• What the exercise asks: Below are some records. Write out the line that contains "So this way" and all lines after it, exactly, but not the pictures.

• Provided material:

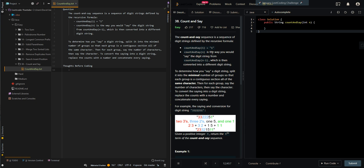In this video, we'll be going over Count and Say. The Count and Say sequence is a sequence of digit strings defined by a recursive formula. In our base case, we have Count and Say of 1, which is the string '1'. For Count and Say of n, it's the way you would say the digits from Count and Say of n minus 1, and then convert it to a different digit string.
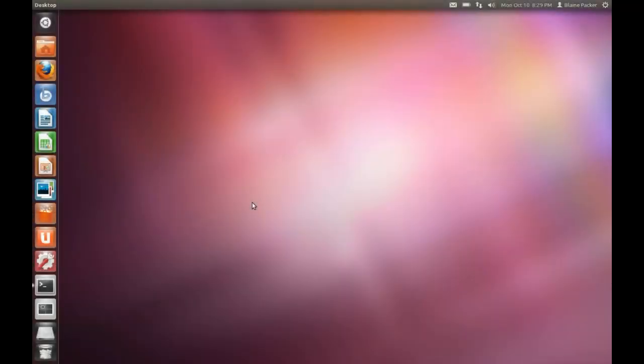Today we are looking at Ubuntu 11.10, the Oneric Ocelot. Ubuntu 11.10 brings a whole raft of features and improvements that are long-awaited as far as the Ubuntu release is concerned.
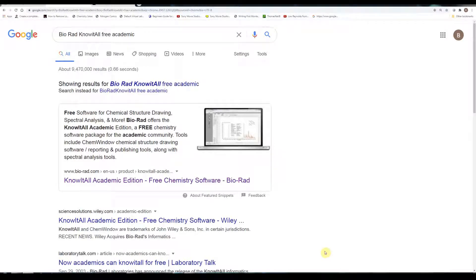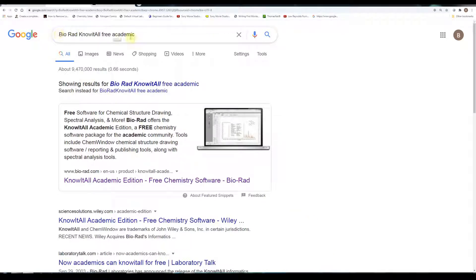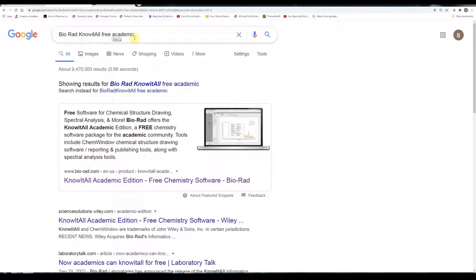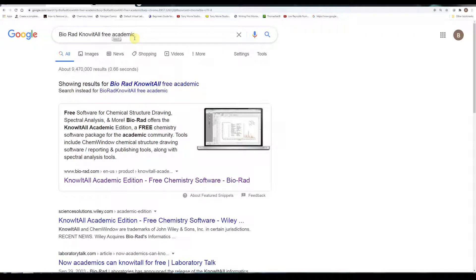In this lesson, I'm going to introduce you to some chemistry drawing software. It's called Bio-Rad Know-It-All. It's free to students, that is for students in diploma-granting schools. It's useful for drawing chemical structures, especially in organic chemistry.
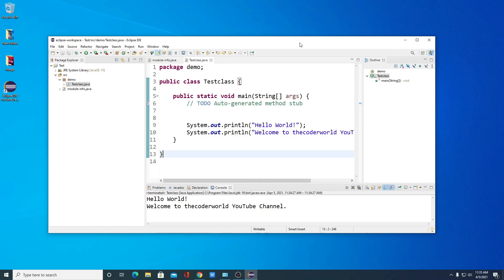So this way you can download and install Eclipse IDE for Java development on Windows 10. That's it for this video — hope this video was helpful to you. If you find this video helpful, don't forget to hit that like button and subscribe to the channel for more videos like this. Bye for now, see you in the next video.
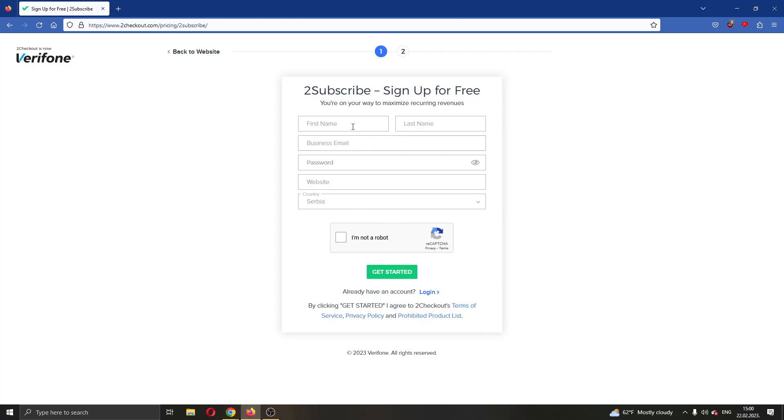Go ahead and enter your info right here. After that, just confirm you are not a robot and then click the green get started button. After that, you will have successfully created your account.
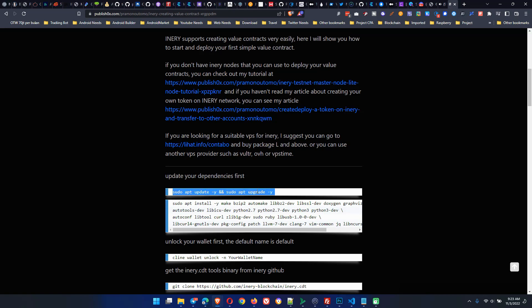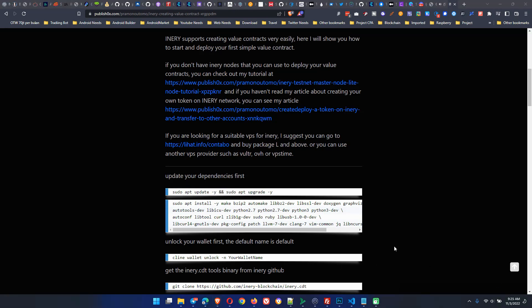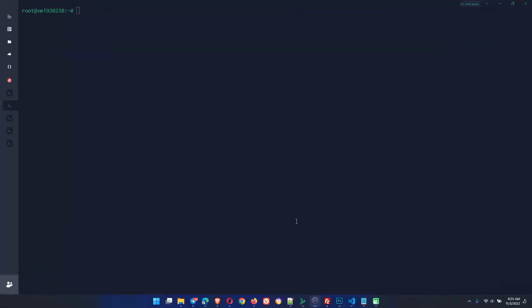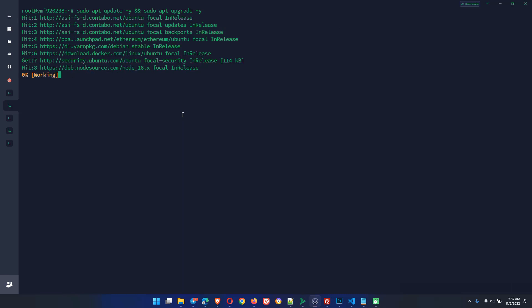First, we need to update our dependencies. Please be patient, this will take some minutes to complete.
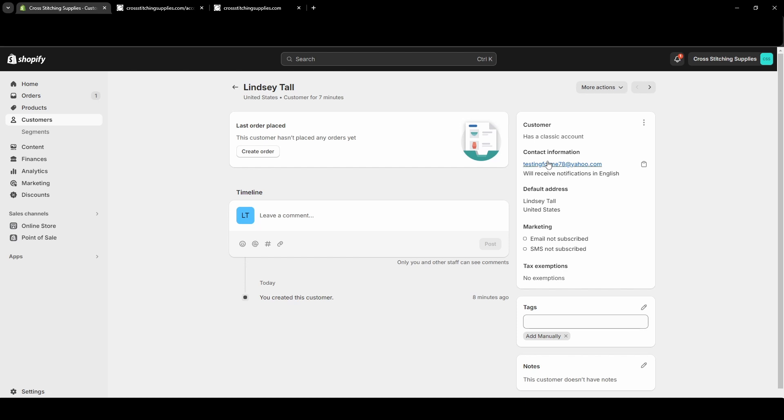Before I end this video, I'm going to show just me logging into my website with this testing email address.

• Response area:
So this way you can download and install Eclipse IDE for Java development on Windows 10. That's it for this video — hope this video was helpful to you. If you find this video helpful, don't forget to hit that like button and subscribe to the channel for more videos like this. Bye for now, see you in the next video.
Go ahead and enter your info right here. After that, just confirm you are not a robot and then click the green get started button. After that, you will have successfully created your account.
First, we need to update our dependencies. Please be patient, this will take some minutes to complete.
Before I end this video, I'm going to show just me logging into my website with this testing email address.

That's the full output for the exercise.